Bible 101 - Introduction
(Excerpt from the 12-Week Study)
On episode 1026 of “Ask Pastor John,” John Piper was asked the following question – “What’s the last thing you would tweet?” He replied, “I thought about saying, ‘Read your Bibles and pray for insight,’ because there is so much that needs to be known about God that cannot be put into one sentence.” Instead of saying that, he summed the gospel up in 140 characters.
However, a longtime pastor and theologian thought about boiling his last words down to: Read your Bible and pray. He said that there’s so much that can be said which is difficult to fit into 140 characters. Therefore, he’s encouraging God’s people to open up the Word and ask the Spirit to work through their reading.
This is exactly what this study seeks to do. More specifically, it seeks to teach students (and parents and youth leaders) what the Word of God is and how they should read it. There are so many things about life we must be teaching the next generation, but if we boil it down to one thing, Bible reading is essential. Can you think of anything more important? If we raise a future generation of Christians who know how to learn, live, and love God’s Word, we will be raising a generation prepared for whatever this world throws their way.

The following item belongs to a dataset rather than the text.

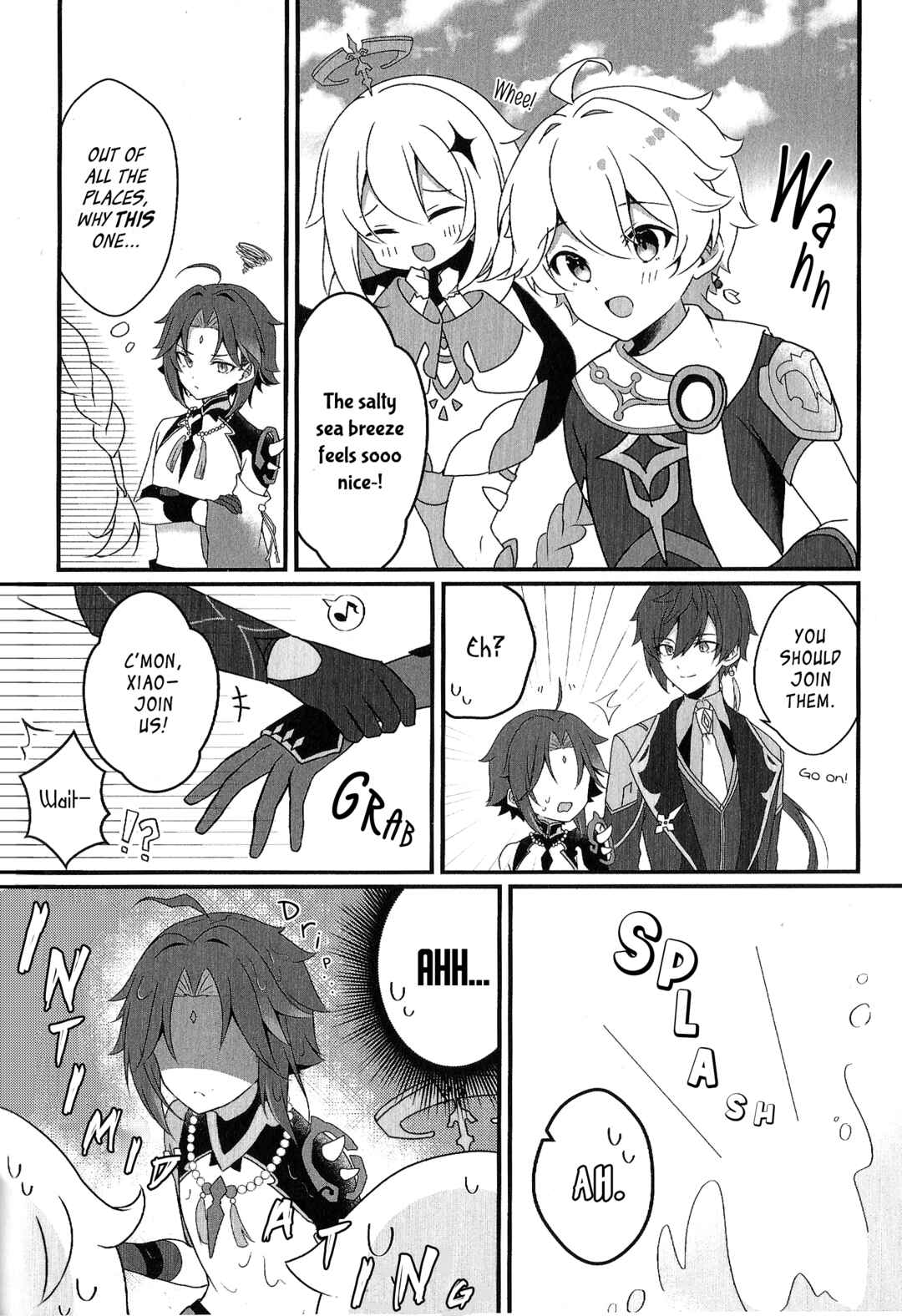 Page 7 Chapter 9 Genshin Impact Comic Anthology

Bible 101 is broken into twelve weekly lessons. It is an introductory study on the doctrine of Scripture . . . hence, 101. While the study is aimed at middle school students, it can easily be adapted for high school students. It would also be a good refresher for any student or adult. You know your church context best and where your students are – theologically speaking – so you may think this is well-suited for your high school students.
Each lesson should fill a thirty-minute time slot, but again, this could be adapted. If you need it to extend the lesson, feel free to add some original illustrations or examples from Scripture. If you have less time, modify the lesson to fit your time slot.
While this study is designed for a classroom setting, it can easily be used for small group or one-on-one study. You can even share copies of the material with students, read through it individually, and then come together to discuss it.
The point is the major leg-work is done for you; now you can amend it to fit your local church needs. Whether that’s shortening or lengthening the time, teaching it to older students, or using it with one-on-one discipleship, use it to fit your needs.
Lastly, Bible 101 is completely free. When we say “completely free,” that means not only monetarily free, but with no strings attached. That means you don’t have to sign up for our newsletter, you don’t have to share this on a social media platform, etc. Reformed Youth Ministries seeks to spread the good news of the gospel by reaching students for Christ and equipping them to serve. Part of that goal is fulfilled through the production of resources.
It is our prayer that you use this Bible study material to spread the beauty of the gospel to the next generation and that you, too, are more enamored with the treasure of God’s Word in the process.
[CLICK HERE TO DOWNLOAD FREE STUDY]
Piper, John. Ask Pastor John. Desiring God (April 10, 2017). http://www.desiringgod.org/interviews/what-s-the-last-thing-you-would-tweet
 One advantage to offering free Bible study material is the ability to update and make revisions. Throughout the years, RYM may improve upon and revise particular sections of our material. When we do so, we will make that known but the consumer won’t have to purchase new material. We hope this is a way to serve the church in a more faithful manner.